El sargento –cuya identidad aún se desconoce, aunque se sabe que había estado destinado tres veces en Irak y que había llegado a Afganistán por primera vez en diciembre– salió solo a las tres de la mañana de su base y dio inicio a la locura en dos pueblos cercanos del distrito de Panjwai, en la provincia sureña de Kandahar. Mató a 16 personas, incluidos nueve niños, de forma fría y metódica. Cubrió los cadáveres de varias de sus víctimas con mantas y les prendió fuego. Regresó andando y se entregó a una patrulla de soldados que había salido en su búsqueda.
Hay una constante que se repite en todas las guerras en las que interviene un Ejército extranjero. Al final, la responsabilidad de todas las desgracias termina recayendo sobre los que llegaron de fuera. En algunos casos, es obvio que es así. En otros, no. El extranjero es el elemento extraño que proviene de una cultura diferente y que es incapaz de entender las costumbres locales. Con independencia de cuáles sean sus intenciones, y siempre se suponen las peores, es el responsable de que no haya manera de acabar con el horror. En una lucha entre milicias, la de fuera siempre lo tiene más difícil. Y el Ejército norteamericano es la mayor milicia que opera en Afganistán.
Los historiadores pueden decir, y con razón, que todo lo que ocurre en ese país es una continuación de una guerra civil que se inició a comienzos de los años 70 en la que los extranjeros siempre jugaban el mismo papel. Pero la memoria histórica de la gente no suele ser tan amplia. Lo que saben es que las tropas norteamericanas llevan una década prometiendo que el fin del sufrimiento está cerca, que ya se intuye en la distancia el momento de la normalización. Y no es cierto.
Cambia la estrategia pero no la última razón de ser de todas las operaciones militares. Hay que continuar matando hasta que no quede ningún enemigo vivo. El soldado probablemente desquiciado lleva esas órdenes hasta sus últimas consecuencias.
A veces, es un grupo de soldados el que elabora su propia estrategia. El Ejército como colectivo es omnipotente. Su superioridad de medios sobre el adversario es abrumadora. Y los muchachos del ‘Kill Team’ comienzan a coleccionar trofeos. Todos ellos ven a los afganos como el auténtico enemigo. Matarlos de forma indiscriminada no forma parte de las órdenes que reciben, pero sí del sentido de su presencia en Afganistán.
¿Cómo diferenciar la locura personal del instinto homicida? Pasa el tiempo, se suceden los ‘hechos aislados’ y en última instancia los comunicados propagandísticos pierden su eficacia, si alguna vez la tuvieron. Philip Crowley habrá escrito muchos.
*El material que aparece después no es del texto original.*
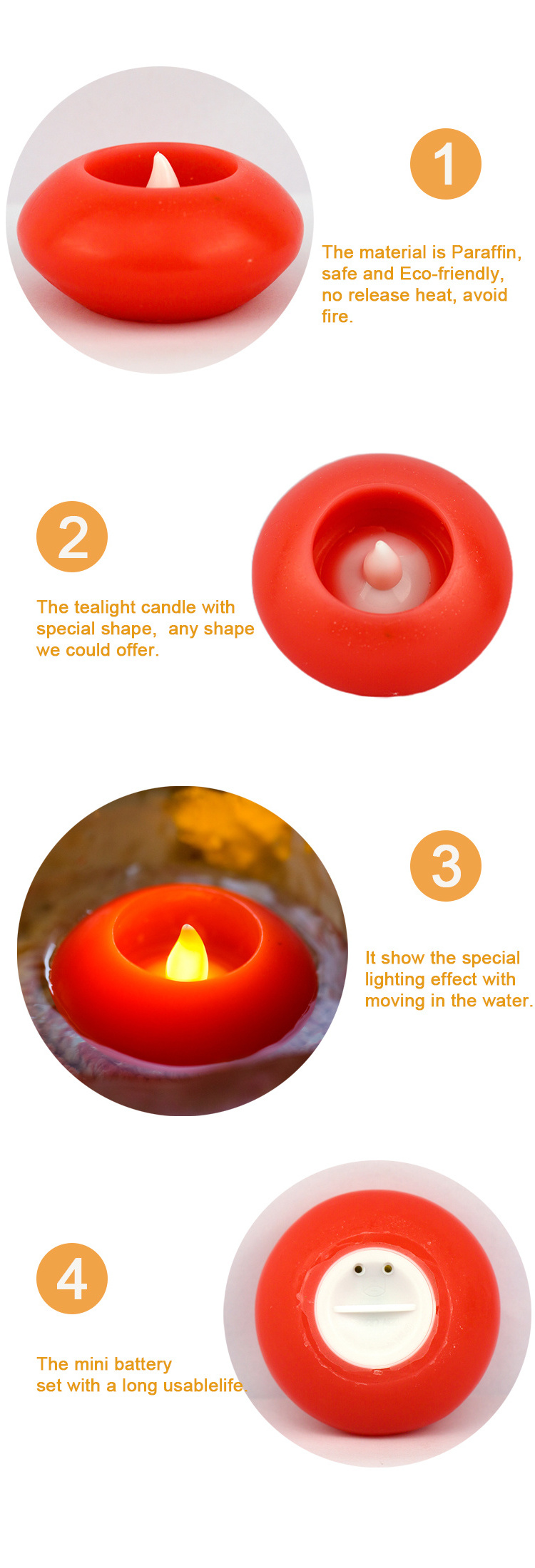 2022 New LED Candle 3 Inch Floating Southland Light Row Floating Water Candle Water Activated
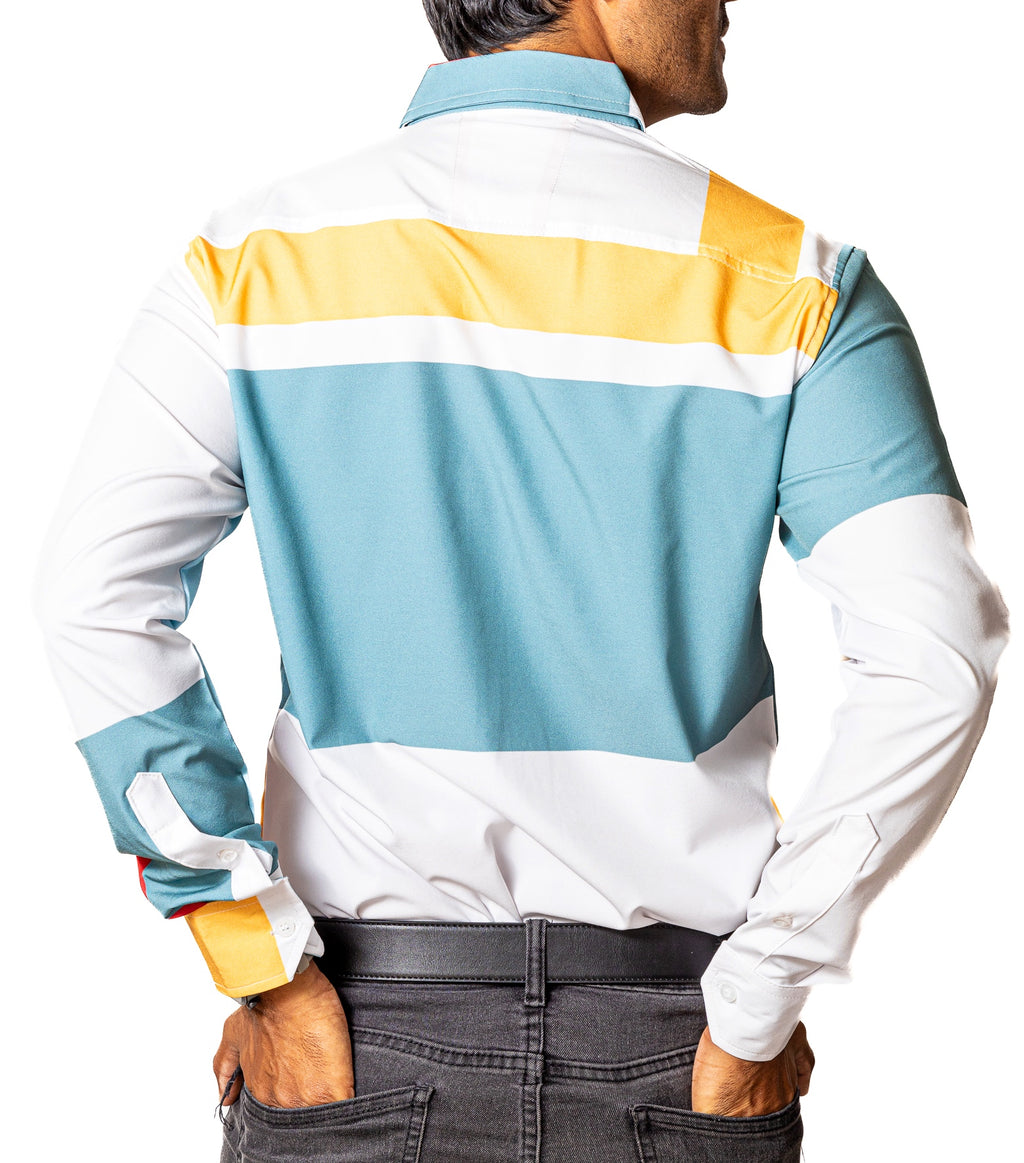 Camisa Casual Hombre Slim, Blanco Cuadros Rojo,naranja,azul - 34 (S)-Tiendas Platino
Ya no se los cree ni él.
EEUU promete que la matanza de Kandahar será investigada hasta sus últimas consecuencias y que su autor pagará por los crímenes.
No fue lo que ocurrió en Haditha. El responsable de la unidad que mató a 24 iraquíes, incluidos siete niños, terminó siendo castigado con el confinamiento en la base durante 90 días y la pérdida de su rango de sargento. Como todo ocurrió después de la explosión de una bomba que mató a uno de los militares, todo lo que pasó estaba justificado o era inevitable, aunque hubiera que lamentar el resultado. Una semana antes de los hechos, ese mismo sargento le había dicho a uno de sus compañeros: “Si nos atacan otra vez, vamos a matarlos a todos en esta zona”.
¿Premeditación? No, según el final de ese proceso judicial, sólo lo que llaman en inglés “the fog of war”, la zona de incertidumbre y ambigüedad que convierte a la guerra en un escenario impredecible donde las decisiones son por definición moralmente discutibles. La mejor forma de justificar cualquier exceso.
Cuando las atrocidades se repiten una y otra vez, ¿dónde queda la excepcionalidad del hecho, su carácter singular por deplorable? Una vez es accidente, dos veces es una coincidencia, tres veces es una costumbre. Y no hay costumbre más extendida en una guerra que la de matar.